YOUR TASK.
Consider the entries below. Count the lines holding the string "Jersey" and state the number only.

DATASET EXTRACT.

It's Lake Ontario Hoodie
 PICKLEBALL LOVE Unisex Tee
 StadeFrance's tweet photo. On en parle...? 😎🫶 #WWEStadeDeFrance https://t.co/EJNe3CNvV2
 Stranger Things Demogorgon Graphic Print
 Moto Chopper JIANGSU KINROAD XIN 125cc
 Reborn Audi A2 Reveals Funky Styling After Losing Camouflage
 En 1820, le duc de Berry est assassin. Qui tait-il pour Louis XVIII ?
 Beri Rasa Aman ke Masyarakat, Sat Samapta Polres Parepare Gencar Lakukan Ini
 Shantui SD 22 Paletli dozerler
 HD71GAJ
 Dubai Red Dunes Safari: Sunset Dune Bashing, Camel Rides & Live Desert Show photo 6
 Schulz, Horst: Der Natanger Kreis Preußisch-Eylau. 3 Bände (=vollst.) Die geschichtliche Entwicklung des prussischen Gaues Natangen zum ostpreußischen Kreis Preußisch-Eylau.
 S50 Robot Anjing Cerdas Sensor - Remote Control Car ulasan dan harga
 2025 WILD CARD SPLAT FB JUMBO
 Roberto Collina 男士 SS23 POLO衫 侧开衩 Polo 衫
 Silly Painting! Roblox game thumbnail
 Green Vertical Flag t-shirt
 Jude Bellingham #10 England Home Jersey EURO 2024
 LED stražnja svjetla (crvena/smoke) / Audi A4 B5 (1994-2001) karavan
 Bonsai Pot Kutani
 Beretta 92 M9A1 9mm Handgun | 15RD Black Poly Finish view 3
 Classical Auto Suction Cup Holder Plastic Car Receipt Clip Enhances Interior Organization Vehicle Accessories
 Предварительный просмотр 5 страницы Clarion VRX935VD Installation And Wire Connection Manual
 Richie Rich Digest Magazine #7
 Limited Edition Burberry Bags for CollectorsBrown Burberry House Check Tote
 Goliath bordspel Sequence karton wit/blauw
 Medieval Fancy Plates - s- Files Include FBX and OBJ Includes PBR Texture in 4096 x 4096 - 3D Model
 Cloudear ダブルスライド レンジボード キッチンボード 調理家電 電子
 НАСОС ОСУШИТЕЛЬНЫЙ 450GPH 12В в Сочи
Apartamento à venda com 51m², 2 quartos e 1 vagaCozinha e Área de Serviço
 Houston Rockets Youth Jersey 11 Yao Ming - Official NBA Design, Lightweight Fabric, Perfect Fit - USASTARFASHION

EXERCISE RESULT.
2